● DATASET EXCERPT:
—————
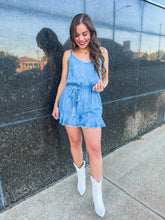 Load image into Gallery viewer, Walk In The Park Chambray Romper
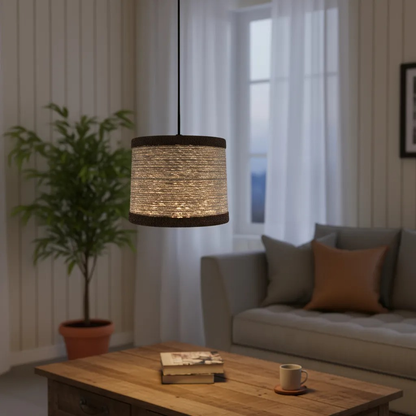 Luminária Pendente Lustre Madeira Retrô Vintage 17cm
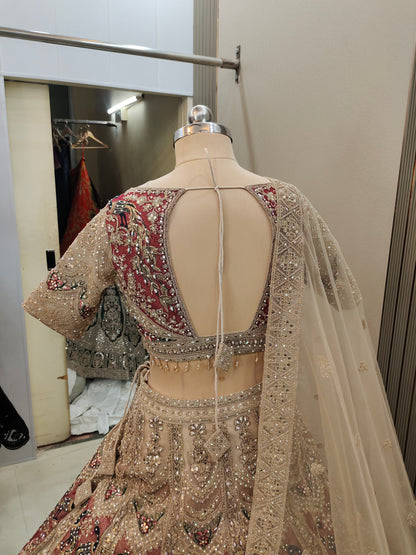 Pleasing Sea green peacock Ready to wear Crop top Lehenga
—————
Each line of the data must be transcribed exactly; pictures are not carried over.

● SOLUTION:
 Load image into Gallery viewer, Walk In The Park Chambray Romper
 Luminária Pendente Lustre Madeira Retrô Vintage 17cm
 Pleasing Sea green peacock Ready to wear Crop top Lehenga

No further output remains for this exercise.